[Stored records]

*** Block opens ***

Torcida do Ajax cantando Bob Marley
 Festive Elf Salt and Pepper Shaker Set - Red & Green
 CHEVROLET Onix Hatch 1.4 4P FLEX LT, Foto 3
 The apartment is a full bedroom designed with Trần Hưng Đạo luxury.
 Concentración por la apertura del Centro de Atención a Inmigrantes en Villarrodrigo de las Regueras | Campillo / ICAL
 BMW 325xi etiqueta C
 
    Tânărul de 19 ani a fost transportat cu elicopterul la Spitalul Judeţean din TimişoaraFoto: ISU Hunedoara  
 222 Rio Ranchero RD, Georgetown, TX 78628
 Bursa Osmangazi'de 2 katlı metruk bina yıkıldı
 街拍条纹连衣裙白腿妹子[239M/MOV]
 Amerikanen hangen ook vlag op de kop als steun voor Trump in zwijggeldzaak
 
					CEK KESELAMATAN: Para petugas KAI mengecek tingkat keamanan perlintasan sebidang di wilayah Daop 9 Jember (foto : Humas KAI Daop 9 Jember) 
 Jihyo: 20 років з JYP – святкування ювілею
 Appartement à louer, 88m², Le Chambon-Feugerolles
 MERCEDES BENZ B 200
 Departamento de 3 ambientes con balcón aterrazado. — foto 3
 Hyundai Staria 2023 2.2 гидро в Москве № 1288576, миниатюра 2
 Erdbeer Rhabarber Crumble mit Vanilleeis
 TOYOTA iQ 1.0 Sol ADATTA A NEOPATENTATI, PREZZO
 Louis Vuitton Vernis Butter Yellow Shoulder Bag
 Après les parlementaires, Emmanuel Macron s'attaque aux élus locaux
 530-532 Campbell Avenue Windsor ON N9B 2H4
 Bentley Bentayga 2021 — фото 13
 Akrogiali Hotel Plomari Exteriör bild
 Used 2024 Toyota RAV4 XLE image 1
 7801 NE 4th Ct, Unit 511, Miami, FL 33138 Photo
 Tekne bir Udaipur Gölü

*** Block closes ***

## Aim of the exercise
Where the data above reaches the line holding "Festive Elf Salt", begin printing, and stop after the line holding "街拍条纹连衣裙白腿妹子[239M/MOV]". Each line must be reproduced exactly, with nothing else added.

## Response below
 Festive Elf Salt and Pepper Shaker Set - Red & Green
 CHEVROLET Onix Hatch 1.4 4P FLEX LT, Foto 3
 The apartment is a full bedroom designed with Trần Hưng Đạo luxury.
 Concentración por la apertura del Centro de Atención a Inmigrantes en Villarrodrigo de las Regueras | Campillo / ICAL
 BMW 325xi etiqueta C
 
    Tânărul de 19 ani a fost transportat cu elicopterul la Spitalul Judeţean din TimişoaraFoto: ISU Hunedoara  
 222 Rio Ranchero RD, Georgetown, TX 78628
 Bursa Osmangazi'de 2 katlı metruk bina yıkıldı
 街拍条纹连衣裙白腿妹子[239M/MOV]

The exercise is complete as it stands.